Nestes termos, a coerência sistemática supõe que a impugnação fiscal determine a suspensão do processo por crime fiscal até ao desfecho da impugnação e, por tal suspensão, a suspensão do procedimento criminal sem necessidade de despacho que o declare.
Finalmente, o elemento teleológico.
A prescrição do procedimento penal funda-se em razões quer de natureza processual quer de natureza substantiva.
Quanto àquelas, dir-se-á que o decurso do tempo torna mais penosa a investigação, aumentando o risco de erros judiciários.

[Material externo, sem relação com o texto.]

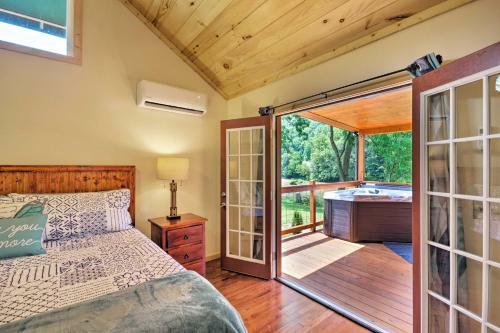 Charming Riverfront Cabin With Private Deck And Hot Tub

Substancialmente, a prescrição do procedimento penal radica no enfraquecimento e mesmo na cessação de necessidades de prevenção do ilícito penal, necessidades essas quer gerais quer especiais: decorrido um certo tempo da prática do tipo de ilícito penal sem que o respectivo procedimento seja instaurado ou sem que o mesmo tenha o seu teminus, justifica-se a correspondente extinção por estar atenuado, ou mesmo desaparecer, o juízo de censura comunitário e a apreensão deste por parte do agente (cf., v. g., Jorge Figueiredo Dias, Direito Penal Português, As Consequências Jurídicas do Crime, pp. 699 e segs.).
Ora, havendo impugnação judicial tributária, a pendência desta confere persistência ao conflito que o procedimento penal fiscal constitui, pelo que inexiste enfraquecimento, e muito menos cessação, das necessidades de prevenção do crime durante a pendência daquela impugnação judicial.

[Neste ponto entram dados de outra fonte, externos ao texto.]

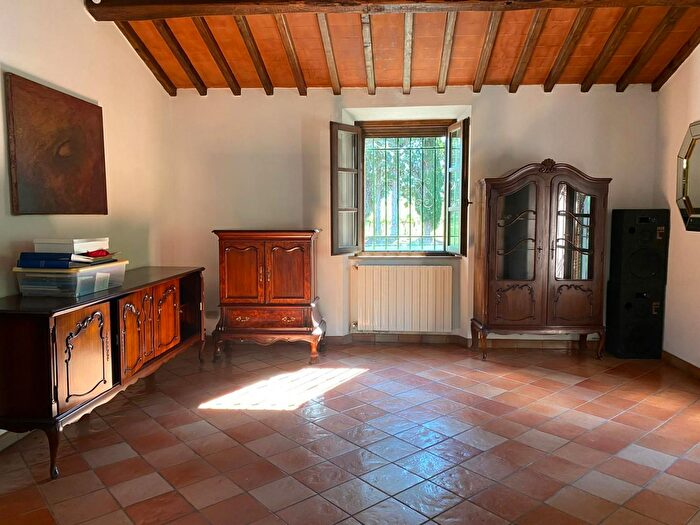 Casa con 6 locali in vendita in Castagneto Carducci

Persistindo em discussão matéria conexa e prévia à apreciação do ilícito penal fiscal, nem se mostra apaziguado por qualquer forma o juízo comunitário de censura, nem o agente pode alegar um tal desfasamento relativamente ao facto que justifique a impertinência da reacção penal.
Nestes termos, a simples pendência do processo de impugnação tributária justificará por si só a suspensão do processo penal fiscal.
Naquelas circunstâncias, fazer depender de despacho judicial a suspensão do processo penal fiscal seria esquecer a situação de conflitualidade que a pendência da impugnação tributária encerra e a prejudicialidade ope legis da questão que constitui seu objecto.
E o prazo de prescrição do procedimento criminal por crime fiscal suspende-se, nos termos dos artigos 15.º, n.º 2, e 50.º do RJIFNA (Decreto-Lei 20-A/90, de 15 de Janeiro, aplicável no caso) por «efeito da suspensão do processo», se estiver a correr processo de impugnação judicial.
5 - Em suma, com recurso a critérios de interpretação, fundados nos elementos literal, sistemático e teleológico de interpretação (artigo 9.º do Código Civil), a norma do artigo 50.º, n.º 1, do RJIFNA deve ser interpretada no sentido de que a suspensão da prescrição do procedimento penal fiscal decorre ope legis da suspensão do processo em virtude de impugnação judicial tributária, não dependendo, pois, de prévio despacho judicial que a declare.
V - Pelo exposto, confirma-se o acórdão recorrido, fixando-se a seguinte jurisprudência:
«Na vigência do artigo 50.º, n.º 1, do Decreto-Lei 20-A/90, de 15 de Janeiro, na redacção do Decreto-Lei 394/93, de 24 de Novembro, a impugnação judicial tributária determinava, independentemente de despacho, a suspensão do processo penal fiscal e, enquanto esta suspensão se mantivesse, a suspensão da prescrição do procedimento penal por crime fiscal.» Dê-se observância ao disposto no artigo 444.º, n.º 1, do Código de Processo Penal.
Custas pelo recorrente, fixando-se em 5 UC a respectiva taxa de justiça.
Lisboa, 12 de Outubro de 2006. - Luís António Noronha Nascimento - António Silva Henriques Gaspar (relator) - Florindo Pires Salpico - Políbio Rosa da Silva Flor - António Artur Rodrigues da Costa - José Vítor Soreto de Barros - Arménio Augusto Malheiro de Castro Sottomayor - António Jorge Fernandes de Oliveira Mendes - Alfredo Rui Francisco do Carmo Gonçalves Pereira - Luís Flores Ribeiro - José António Carmona da Mota - António Pereira Madeira - José Vaz dos Santos Carvalho - António Joaquim da Costa Mortágua.